What to do. Repeat the lines below exactly as written, please, from the line with "Men's black plus" to the line with "Building Photo - 833 Lawrence St", both lines included, and no others.

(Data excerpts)

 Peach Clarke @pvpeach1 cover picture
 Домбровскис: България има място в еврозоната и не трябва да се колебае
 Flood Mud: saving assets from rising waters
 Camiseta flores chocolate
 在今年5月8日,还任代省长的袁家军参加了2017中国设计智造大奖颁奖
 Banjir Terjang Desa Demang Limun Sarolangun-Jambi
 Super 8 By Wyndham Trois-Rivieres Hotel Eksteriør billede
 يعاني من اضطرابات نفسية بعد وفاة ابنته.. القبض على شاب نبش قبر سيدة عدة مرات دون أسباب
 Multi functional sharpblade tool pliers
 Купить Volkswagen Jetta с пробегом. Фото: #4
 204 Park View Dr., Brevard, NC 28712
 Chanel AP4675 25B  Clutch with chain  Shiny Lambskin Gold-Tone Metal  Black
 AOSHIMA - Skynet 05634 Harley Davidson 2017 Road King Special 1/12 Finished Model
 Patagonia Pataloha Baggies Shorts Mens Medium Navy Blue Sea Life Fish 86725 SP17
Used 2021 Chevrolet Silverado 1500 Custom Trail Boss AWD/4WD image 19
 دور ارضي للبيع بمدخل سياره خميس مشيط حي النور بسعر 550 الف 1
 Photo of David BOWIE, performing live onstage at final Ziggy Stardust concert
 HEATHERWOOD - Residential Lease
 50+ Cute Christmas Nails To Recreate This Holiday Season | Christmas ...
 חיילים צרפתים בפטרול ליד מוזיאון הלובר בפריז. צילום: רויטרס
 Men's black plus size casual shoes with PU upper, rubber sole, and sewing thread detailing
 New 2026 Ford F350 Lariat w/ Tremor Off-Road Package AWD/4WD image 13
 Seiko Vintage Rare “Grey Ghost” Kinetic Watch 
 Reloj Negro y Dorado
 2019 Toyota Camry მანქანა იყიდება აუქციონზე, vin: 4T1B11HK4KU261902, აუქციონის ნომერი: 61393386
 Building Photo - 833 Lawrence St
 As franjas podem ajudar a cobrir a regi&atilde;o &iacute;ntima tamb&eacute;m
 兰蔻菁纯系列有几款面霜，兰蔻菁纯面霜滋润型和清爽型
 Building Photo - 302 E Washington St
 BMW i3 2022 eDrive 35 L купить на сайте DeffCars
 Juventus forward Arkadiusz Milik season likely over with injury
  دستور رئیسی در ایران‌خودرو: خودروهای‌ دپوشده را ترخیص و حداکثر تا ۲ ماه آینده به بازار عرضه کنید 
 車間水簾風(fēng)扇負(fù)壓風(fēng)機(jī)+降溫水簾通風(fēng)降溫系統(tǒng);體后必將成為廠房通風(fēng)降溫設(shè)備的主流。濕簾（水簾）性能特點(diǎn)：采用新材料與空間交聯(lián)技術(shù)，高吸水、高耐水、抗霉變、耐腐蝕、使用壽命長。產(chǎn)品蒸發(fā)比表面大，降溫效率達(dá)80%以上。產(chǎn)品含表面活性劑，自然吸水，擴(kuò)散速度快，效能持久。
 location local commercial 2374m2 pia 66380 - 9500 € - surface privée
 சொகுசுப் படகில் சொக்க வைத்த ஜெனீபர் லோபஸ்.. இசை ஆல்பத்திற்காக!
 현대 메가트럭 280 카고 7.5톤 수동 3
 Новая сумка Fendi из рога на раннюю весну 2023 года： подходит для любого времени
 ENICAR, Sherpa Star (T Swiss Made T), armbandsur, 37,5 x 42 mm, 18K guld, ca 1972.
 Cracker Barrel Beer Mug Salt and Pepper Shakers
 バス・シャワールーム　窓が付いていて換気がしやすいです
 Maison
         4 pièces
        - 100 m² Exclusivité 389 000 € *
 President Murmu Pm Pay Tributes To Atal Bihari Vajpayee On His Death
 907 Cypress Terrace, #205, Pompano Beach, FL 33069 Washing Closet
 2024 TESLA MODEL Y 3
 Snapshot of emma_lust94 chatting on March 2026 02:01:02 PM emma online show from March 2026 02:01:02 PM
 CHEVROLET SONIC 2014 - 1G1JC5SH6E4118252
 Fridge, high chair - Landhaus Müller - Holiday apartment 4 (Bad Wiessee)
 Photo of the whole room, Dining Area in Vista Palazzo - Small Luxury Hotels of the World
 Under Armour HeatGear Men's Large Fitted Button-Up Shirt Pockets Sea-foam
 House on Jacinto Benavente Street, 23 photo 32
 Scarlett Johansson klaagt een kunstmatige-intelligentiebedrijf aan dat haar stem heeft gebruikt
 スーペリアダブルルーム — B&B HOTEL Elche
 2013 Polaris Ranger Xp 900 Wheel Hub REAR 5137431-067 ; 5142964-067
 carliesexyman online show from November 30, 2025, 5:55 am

Task solution.
 Men's black plus size casual shoes with PU upper, rubber sole, and sewing thread detailing
 New 2026 Ford F350 Lariat w/ Tremor Off-Road Package AWD/4WD image 13
 Seiko Vintage Rare “Grey Ghost” Kinetic Watch 
 Reloj Negro y Dorado
 2019 Toyota Camry მანქანა იყიდება აუქციონზე, vin: 4T1B11HK4KU261902, აუქციონის ნომერი: 61393386
 Building Photo - 833 Lawrence St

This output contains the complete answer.